Brazil Collections

Material records of pre-contact cultures include polychrome pottery excavated from artificial earth mounds on Marajó Island, at the mouth of the Amazon. These well-preserved vessels hint at Brazilian lifeways over a 700-year span in the first millennium A.D.

This collection is comprised of select, well preserved archaeological and ethnographic objects from the Amazon and Central Brazil. It includes fifty important vessels of polychrome archaeological pottery from Marajo Island, excavated around 1918 by anthropologist William Farabee of the University Museum, University of Pennsylvania. The pottery, excavated from well-known artificial earth mounds at the mouth of the Amazon, dates to AD 400-1100.

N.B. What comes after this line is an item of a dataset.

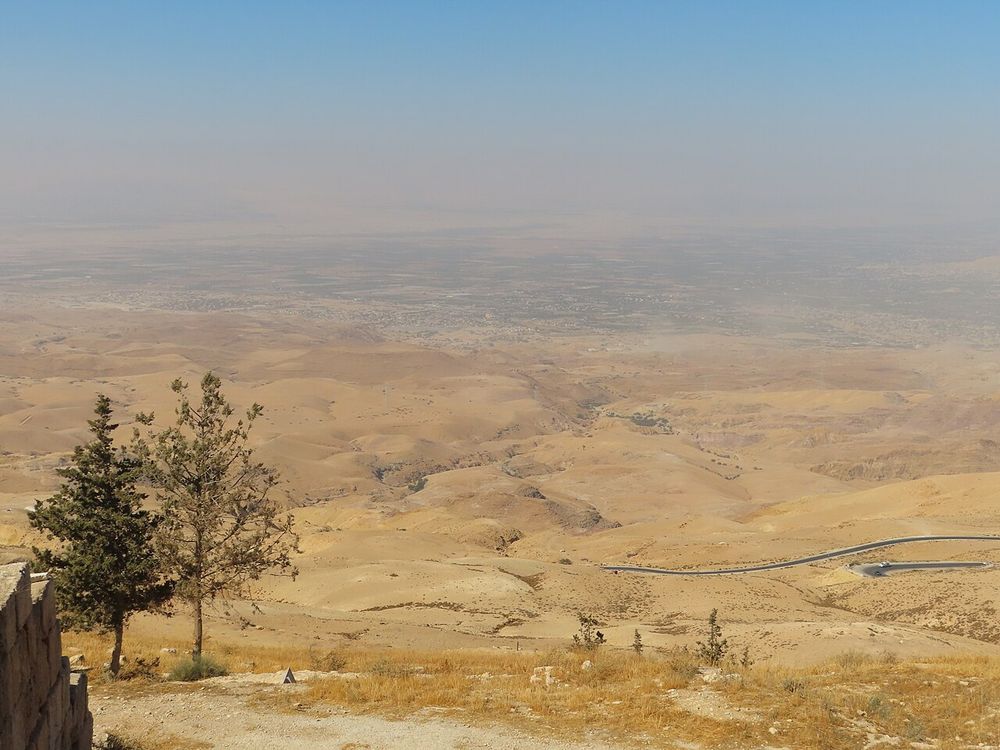 El monte Nebo, Cerca de Madaba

The Brazilian collection, specifically its ethnographic material, also includes more than 200 items of ceremonial paraphernalia and musical instruments from Tukanoan and Arawakan speaking Indians of the Northwest Amazon region; more than 200 articles of dress, artwork, containers, and tools for daily living from native tribes and rural peoples of the Middle and Lower Amazon and Northeast Brazil, including the well-known Caraja and Tapirape Indians and lesser known groups such as the Karapana. Theodor Koch-Gruneberg collected many of the objects from the Northwest Amazon, while the Museum acquired its Caraja collection from the collections of Erland Nordenskiold, an important synthesizer of South American anthropology, which were previously held at the Goteborg Ethnographic Museum.

More recent collections from the eighteenth- to twentieth-century are a testament to the resilience of Latin America's indigenous cultures and to the lessons we have still to learn from them. Among the most outstanding are clothing, tools, decorated vessels, ceremonial paraphernalia, and musical instruments from native and rural peoples of Amazonian Brazil. These beautiful objects show the ingenious use of natural materials, such as the bright feathers of toucans and parrots, and are a reminder of the current struggles of indigenous cultures for identity and human rights.